CTCF function can be regulated by post-translational modifications such as phosphorylation and poly(ADP-ribosyl)ation (PARylation). The poly(ADP-ribose) (PAR) mark, in particular, has been ChIPed at >100 insulator sequences genome-wide and specifically detected at the CTCF-bound maternal H19 ICR (Yu et al., 2004). General inhibition of PAR polymerases (PARPs) results in abrogation of CTCF-mediated insulation by the H19/Igf2 ICR in EB transgene assays, as well as de-repression of maternal Igf2 without changing CTCF binding. Importantly, this trend was recapitulated in a library of EB transgenes representing >100 candidate mouse insulator sequences, implying a more general genome-wide role for CTCF PARylation in functional insulation. The observation that PARP inhibition did not alter CTCF occupancy together with the known role for CTCF-based loops at the H19/Igf2 ICR led to the suggestion that PAR modification may stabilize CTCF-mediated chromatin contacts. It is unclear why general PARP inhibition does not abrogate binding at its cognate CpG-consensus binding sites within the H19/Igf2 ICR, particularly in light of the observation that PARP-1 is essential to maintain DNA hypomethylation in vivo (Guastafierro et al., 2008). Similarly, phosphorylation within a highly conserved, four serine residue motif in the C-terminus markedly influences reporter gene expression without altering DNA binding activity, indicating that this post-translational modification may also regulate CTCF-homodimerization or association with different binding partners during development (Klenova et al., 2001).
Numerous potential CTCF binding partners have been reported ((Filippova, 2008; Wallace and Felsenfeld, 2007)). For brevity’s sake, we focus on the considerably smaller subset of proteins that have been detected in vivo via ChIP at functional mammalian insulator sequences linked to chromatin loop formation. Among this list, the PcG repressor Suz12 is interesting because recruitment to the maternal Igf2 promoter requires CTCF binding to the H19/Igf2 ICR 90kb downstream (discussed above). Another factor, the SNF2-like chromodomain helicase protein (CHD8), has been detected at several insulator sites, including two (H19/Igf2 ICR and β-globin 5′HS5) with a direct role in CTCF-mediated intrachromosomal contacts (Ishihara et al., 2006). RNAi-mediated knockdown of CHD8 abrogates insulator activity of the H19/Igf2 ICR in both EB transgene assays and on the endogenous maternal allele without disrupting CTCF binding. A functional link between the known role for CHD8 in chromatin remodeling and its putative recruitment to and/or involvement in CTCF-mediated chromatin loops has not yet been established. Finally, recent ChIP-chip analysis of a representative sample of ~250 CTCF binding sites identifies a particularly small subset (<5%), including the H19/Igf2 ICR, associated with RNA Pol II (Chernukhin et al., 2007). Although direct Pol II recruitment to CTCF cannot be ruled out, an alternative interpretation is that these interactions (shown to be biochemically weak in vitro) are merely a consequence of the ability of CTCF loops to physically block a tracking polymerase.
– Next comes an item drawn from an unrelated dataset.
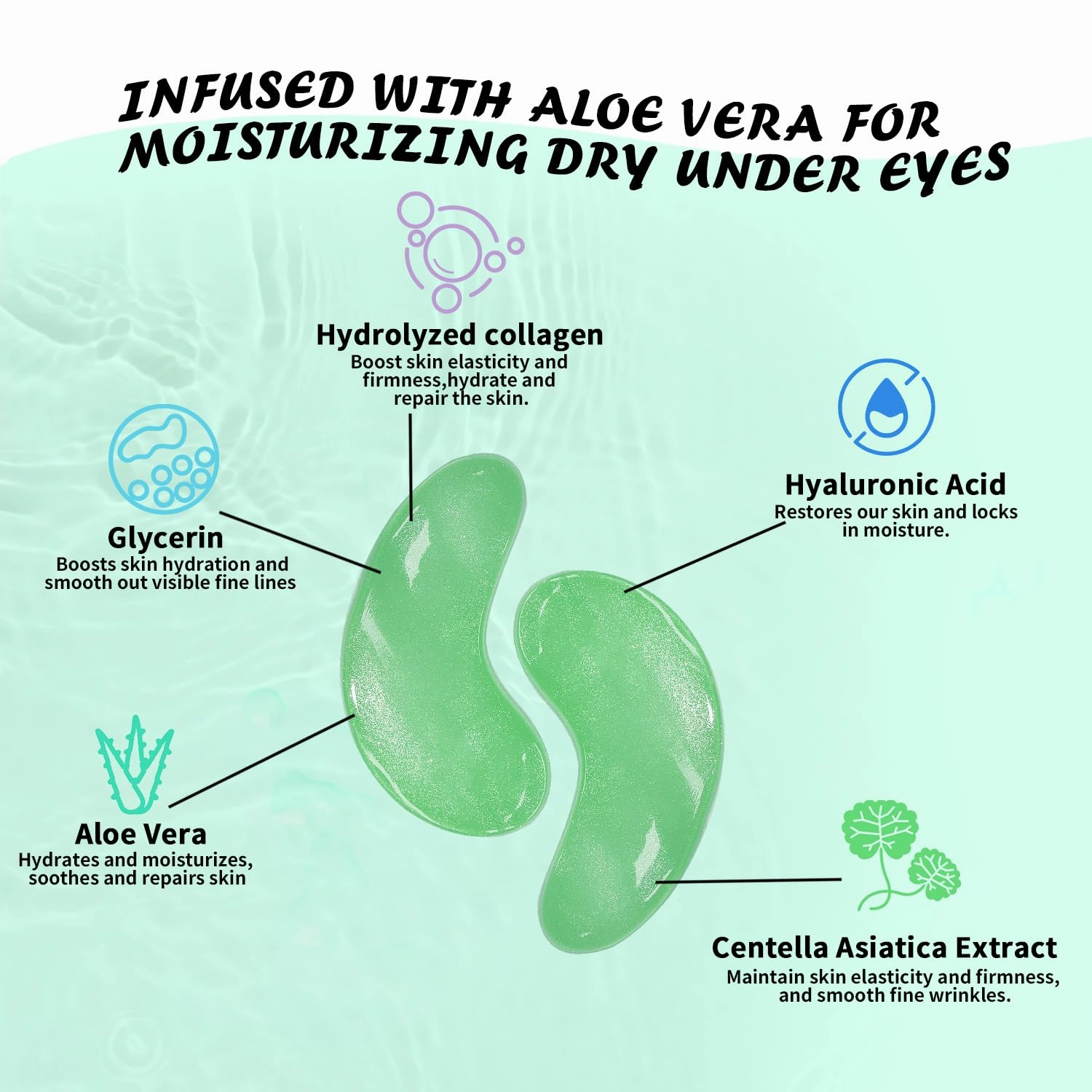 Under Eye Patches (30 Pairs), Aloe Vera Eye Masks for Dark Circles Puffy Eyes Undereye Bags, Collagen Eye Patches for Repair and Intensely Hydrate, Skin Care Gift for Her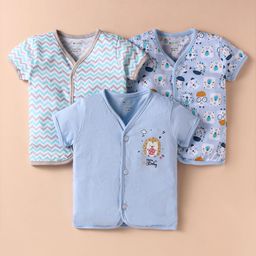 OHMS Single Jersey Half Sleeves Jhablas With Animal Print Set of 3 - Light Blue-image-65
For all proteins mentioned thus far, it is still unclear if these interactions are locus-specific or more generally found at a larger number of functional CTCF binding sites. A notable exception is the recent exciting discovery that cohesin proteins are enriched at thousands of CTCF-bound insulator sites. Several genome-wide analyses across multiple cell lines demonstrate a range of 65–90% cohesin sites overlapping CTCF and 55–80% CTCF sites overlapping cohesin, indicating that although a high proportion of sites are shared, a subset of cohesin-only and CTCF-only binding sites exist (Parelho et al., 2008; Wendt et al., 2008). Recruitment of cohesin to its chromosome locations appears to be mediated by CTCF because depletion of CTCF leads to absence of cohesin binding at specific shared insulator sites. What is the role for cohesin proteins at CTCF binding sites? Because the four subunits (Smc1, Smc3, Rad21/Scc1, and Scc3/SA1) are thought to coalesce into a ring-like structure that mediates sister chromatid cohesion during mitosis, it is tempting to speculate that a similar mechanism could facilitate the stabilization of loops. In support of this notion, data indicate that specific cohesin subunits are essential for functional insulation by the H19/Igf2 ICR in both EB transgene assays as well as on the endogenous maternal allele (Stedman et al., 2008; Wendt et al., 2008).
The possibility that cohesin plays a regulatory role in CTCF-mediated loop formation has also been recently illustrated by studies at the mouse Immunoglobulin heavy-chain (IgH) locus. This particular region adopts a strikingly compact 3-D topology during B cell differentiation that has been implicated in the highly regulated process of V(D)J recombination (Jhunjhunwala et al., 2008). The putative role for CTCF/cohesin in these intrachromosomal contacts is highlighted by the recent mapping of >50 CTCF binding sites throughout the extended Igh locus (Degner et al., 2009). Several of these sites are located close to the recombination signal sequence, suggesting that CTCF-mediated loops may be important in positioning distant genomic sites in close proximity to facilitate appropriate rearrangements within the locus. Interestingly, CTCF occupancy is constitutive and remains unchanged during B cell differentiation, whereas cohesin is progressively recruited to CTCF-bound sites in a cell type-specific manner that parallels conformational changes in locus topology. Taken together, these data provide a strong indication that cohesin and CTCF will act in concert at many genomic locations to facilitate the formation of developmentally-regulated long range interactions.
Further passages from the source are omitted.